Example (Part 4): Richard goes next and grabs a character card that says ‘Survived against the odds’, so he describes one of the teenagers desperately running out of the school with his clothes on fire; he rolls on the grass outside to put out the flames.

Play continues in this fashion, with players taking turns to suggest Shots, Lines and Actions within the current scene; there does not need to be any particular order to these contributions, but you are encouraged to police yourselves to ensure that everyone who wants to speak gets a chance to do so and no-one is allowed to dominate the group or over-ride anyone else.

Conflict Management

Conflict occurs within the story told as it does in any story, but from the perspective of the game, there is no conflict, only convergence. As each narrative event occurs chronologically after the events that follow it, there is never any question over whether a particular end is achieved: ends are portrayed before the actions that set them in motion occur or the motivations for them are known. Unlike other RPGs then, Back to the Start doesn't use a system of ‘conflict resolution’ and characters don’t compete with each other to accomplish their goals. The resolution mechanic used in this game is one of convergence; when events take place, players may disagree about their causes and the resolution of that disagreement allows one player to provide the explanation for that event.

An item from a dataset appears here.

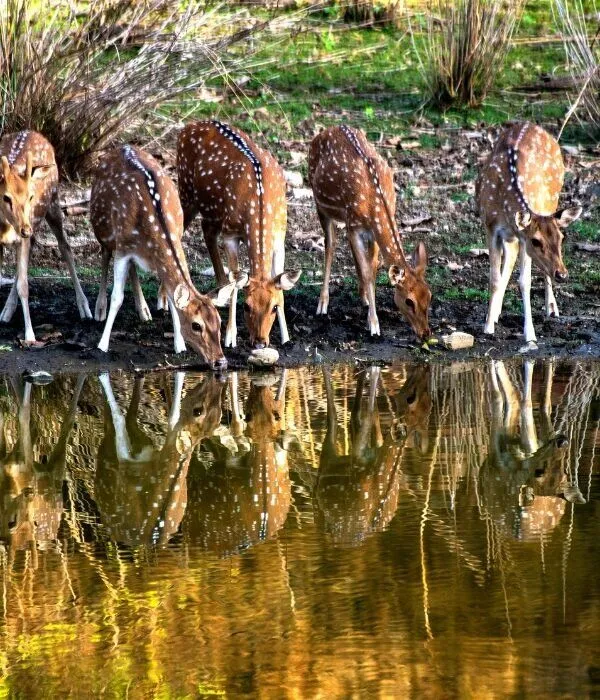 Herd of spotted deer (chital) drinking from waterhole with reflections at Ranthambore National Park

If a point is reached in any scene where two players disagree on the delivery of a Line or the performance of an Action, then they each put forward a character they control to take part in a convergence check. Each trait and condition begins with a score of 1, which is the number of dice rolled when using that card in a convergence check; every time that character wins a convergence check, the score for the trait or condition used goes up by 1.  The winner of a convergence check is the character who gets the highest total on their dice; in the event of a tie, both sides roll all their dice again.

In order to use a character card, the trait or condition on it must be appropriate to the point of this scene, either by contributing to the overall plot of the story or to the character’s own personal story arc. The winner’s narration should in some way either foreshadow the condition used or strengthen the trait; in doing so, they may also fix some of the motivation for the character’s involved, by establishing how or why they have achieved what has happened. This can be done by mixing Shots
Lines or Actions or simply by stating that it is so and leaving it to be portrayed later in the story.

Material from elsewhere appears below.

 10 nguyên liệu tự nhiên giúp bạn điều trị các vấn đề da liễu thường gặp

Example (Part 5): Dave follows Tony & Richard by also grabbing a character card, which says ‘Victorious’ and he describes a cheerleader lighting the matches that start the fire... but Richard has in mind that it was his character who started the fire, so they go to a convergence. Both players only have conditions with a score of 1, so they each roll 1d6; Richard rolls 3 and Dave rolls 5, so he wins and carries on with his narration, but he also increases the score on his ‘Victorious’ condition from 1 to 2. In his narration, he includes the triumphant look on the cheerleader’s face as she watches the flames take hold before running for the exit.

Character Development

Characters change and develop through the course of the story, but naturally this character development is seen in reverse order during the game. Major developments occur during convergence checks; if you imagine running the story in its correct order, a convergence becomes a turning point, when the actions of the characters take their own personal stories in new directions.  The type of development depends on whether a condition or trait was used in the convergence:

Conditions: Whenever you get a pair of identical results on your dice when using a condition in a convergence check, flip that card over to its trait side. This is the crucial turning point for that character in the story, when they move from being the person they were to setting out on the course of action that will decide how they arrived at that condition later on in the story.

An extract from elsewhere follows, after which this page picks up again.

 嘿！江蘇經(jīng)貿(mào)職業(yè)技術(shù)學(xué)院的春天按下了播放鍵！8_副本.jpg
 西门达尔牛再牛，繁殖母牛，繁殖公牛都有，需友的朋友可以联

Traits: Whenever you get three identical results on your dice when using a trait in a convergence check, discard that character card; this is the moment of the story when that aspect of the character’s life is first explicitly dealt with by them. If it is the last card possessed by that character, this is also the scene in which that character enters the story and therefore their last scene in the game.

Example (Part 6): On Tony’s turn, he has his character with the cheerleader in the school gymnasium, saying “I’ll grab the bag and meet you outside.” Dave questions why the cheerleader is apparently working with the man who burns to death in the school; is this a trick or did she betray him? They go to a convergence check; Tony rolls 6 for his condition and Dave rolls two 2s, for a total of 4; Tony gets to narrate the ‘why’ that precedes this Line, but included in this is the turning point for the cheerleader’s character. Flipping the character card over, Dave reveals that the trait on the other side is ‘Rich’ so he adds that the bag of money belonged to the cheerleader in the first place.

Counterflow

It’s understandable that players may struggle to adequately describe what is taking place in the story; constantly having to think backwards can be a great strain on even the most creative mind. Provided here are some tips and general guidance to help you through the process.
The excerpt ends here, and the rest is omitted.